Ms Roberts, a New Zealander living in Brighton, East Sussex, said "weak and fragile" Neon had lost his hair and suffered weight loss, poor short-term memory and poor co-ordination. But, despite the side-effects, Ms Roberts said she has been told the success rate from having the treatment has been put at between 67% and 82%.

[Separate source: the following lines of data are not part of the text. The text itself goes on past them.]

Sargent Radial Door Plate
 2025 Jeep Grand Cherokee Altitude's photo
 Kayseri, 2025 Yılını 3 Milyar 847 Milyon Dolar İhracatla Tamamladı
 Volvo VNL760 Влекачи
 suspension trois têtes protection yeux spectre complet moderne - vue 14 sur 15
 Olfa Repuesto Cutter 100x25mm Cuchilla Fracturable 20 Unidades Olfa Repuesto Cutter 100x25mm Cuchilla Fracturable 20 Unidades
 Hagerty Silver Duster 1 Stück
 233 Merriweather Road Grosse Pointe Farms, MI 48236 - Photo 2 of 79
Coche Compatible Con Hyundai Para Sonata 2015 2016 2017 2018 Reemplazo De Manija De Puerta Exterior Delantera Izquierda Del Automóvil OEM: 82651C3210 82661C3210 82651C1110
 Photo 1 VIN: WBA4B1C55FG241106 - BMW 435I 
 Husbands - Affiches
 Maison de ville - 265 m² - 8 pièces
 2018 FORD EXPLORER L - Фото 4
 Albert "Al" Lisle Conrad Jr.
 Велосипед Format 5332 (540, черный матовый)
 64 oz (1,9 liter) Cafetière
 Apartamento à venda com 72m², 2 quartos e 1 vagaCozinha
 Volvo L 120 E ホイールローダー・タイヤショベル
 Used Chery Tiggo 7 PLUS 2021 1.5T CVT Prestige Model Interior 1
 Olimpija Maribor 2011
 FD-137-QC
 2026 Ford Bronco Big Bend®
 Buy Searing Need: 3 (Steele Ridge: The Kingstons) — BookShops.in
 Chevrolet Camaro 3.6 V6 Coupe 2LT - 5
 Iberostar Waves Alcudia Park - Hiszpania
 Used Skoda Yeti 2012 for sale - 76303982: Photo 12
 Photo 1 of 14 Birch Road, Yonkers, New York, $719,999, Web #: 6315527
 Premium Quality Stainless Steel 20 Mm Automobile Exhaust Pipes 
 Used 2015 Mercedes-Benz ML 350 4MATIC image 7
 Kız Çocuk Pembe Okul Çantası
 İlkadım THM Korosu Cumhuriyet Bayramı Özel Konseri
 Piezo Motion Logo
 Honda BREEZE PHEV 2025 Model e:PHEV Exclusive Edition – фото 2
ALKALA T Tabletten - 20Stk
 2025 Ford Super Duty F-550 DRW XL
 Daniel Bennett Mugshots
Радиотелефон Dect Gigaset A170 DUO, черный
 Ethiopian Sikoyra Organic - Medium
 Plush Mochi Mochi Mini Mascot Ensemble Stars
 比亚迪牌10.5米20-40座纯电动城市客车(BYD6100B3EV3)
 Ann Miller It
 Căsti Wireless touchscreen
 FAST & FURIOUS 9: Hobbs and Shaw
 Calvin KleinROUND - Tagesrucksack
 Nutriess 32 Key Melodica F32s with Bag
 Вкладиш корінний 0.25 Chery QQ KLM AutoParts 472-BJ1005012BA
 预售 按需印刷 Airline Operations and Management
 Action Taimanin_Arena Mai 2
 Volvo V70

She said: "I have never doubted that he was not going to be alive at the end of this, with or without treatment. I just felt that he would be much better off without the treatment and providing the body with what it needs to heal, not bombarding it with radiation, which is what we are taught to avoid. I don't understand why we are using it in hospitals. I find it barbaric and plain torture. Needlessly, children are suffering."

She added that the course of treatment was "unnecessary" and went on: "They just come in with their conventional cure and it's worse than the condition itself."

Ms Roberts hit the headlines when she disappeared with Neon but both were found safe and well after a judge ordered a search. She later apologised for vanishing and said that she had panicked.

In December, a High Court judge ruled that Neon could receive radiotherapy for the tumour, against the wishes of Ms Roberts whose judgment, he said, "had gone awry". Mr Justice Bodey dismissed Ms Roberts' attempt to prevent her son having radiotherapy treatment, and expressed concern over her decision-making regarding his welfare.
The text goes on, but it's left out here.